Obama Vetoes Keystone XL Pipeline Bill




Why buy oil from Canada when we can buy it from our Muslim "friends" in Saudi Arabia? 

If they're so concerned about carbon emissions wouldn't oil contained in a pipe be a better solution than trucks and trains hauling the oil through the United States?





We need 67 votes to override the veto. 

Perhaps if Republicans vow they'll get Edward Snowden to check for leaks it'll pass.   








President Barack Obama on Tuesday swiftly delivered on his vow to veto a Republican bill approving the Keystone XL oil pipeline from Canada, leaving the long-debated project in limbo for another indefinite period.

The Senate received Obama's veto message and Senate Majority Leader Mitch McConnell immediately countered by announcing the Republican-led chamber would attempt to overturn the veto by March 3.

Obama rejected the bill hours after it was sent to the White House. Republicans passed the bill to increase pressure on Obama to approve the pipeline, a move the president said would bypass a State Department process that will determine whether the project is in the U.S. national interest.
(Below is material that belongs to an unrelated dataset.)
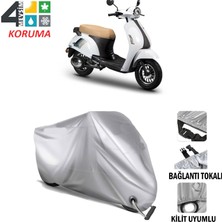 AUTOES Motoran Allegro Branda Motosiklet Brandası Bağlantı ve Kilit Uyumlu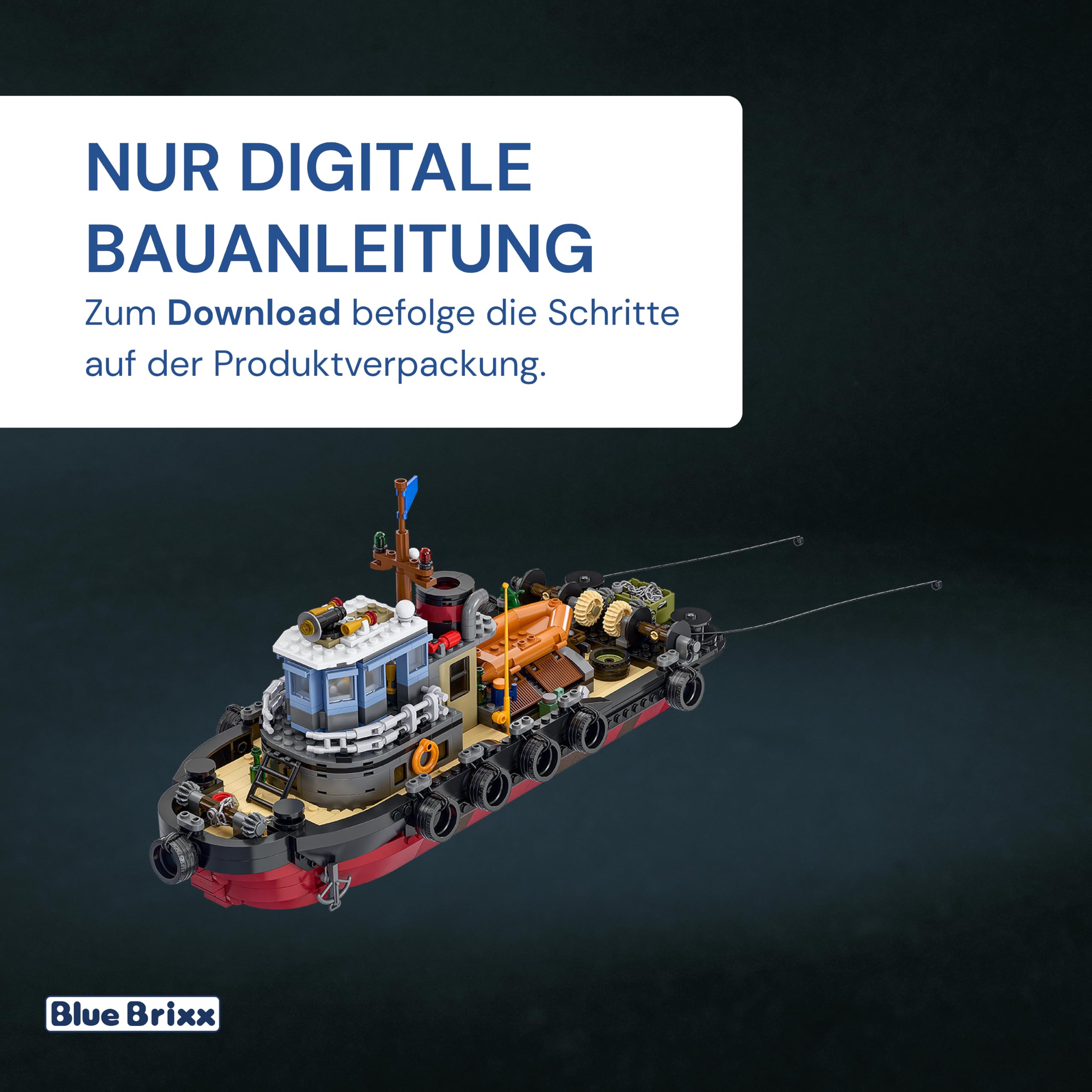 bluebrixx-special-hafenschlepper-1094-klemmbausteine-im-minifigurenma-stab image 2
"Through this bill, the United States Congress attempts to circumvent longstanding and proven processes for determining whether or not building and operating a cross-border pipeline serves the national interest," Obama wrote in his veto message.

Republicans, who support the project because of its job-creation potential, made passing a bill a top priority after gaining control of the U.S. Senate and strengthening their majority in the House of Representatives in November elections.

The bill passed by 270-152 in the House earlier this month and cleared the Senate in January. Despite their majority in the Senate, Republicans are four votes short of being able to override Obama's veto.

They have vowed to attach language approving the pipeline in a spending bill or other legislation later in the year that the president would find difficult to reject.

Obama has played down Keystone XL's ability to create jobs and raised questions about its effects on climate change. Environmentalists, who made up part of the coalition that elected the president in 2008 and 2012, oppose the project because of the carbon emissions involved in getting the oil it would carry out of Canadian tar sands.

TransCanada Corp's pipeline would carry 830,000 barrels a day of mostly Canadian oil sands petroleum to Nebraska en route to refineries and ports along the U.S. Gulf. It has been pending for more than six years.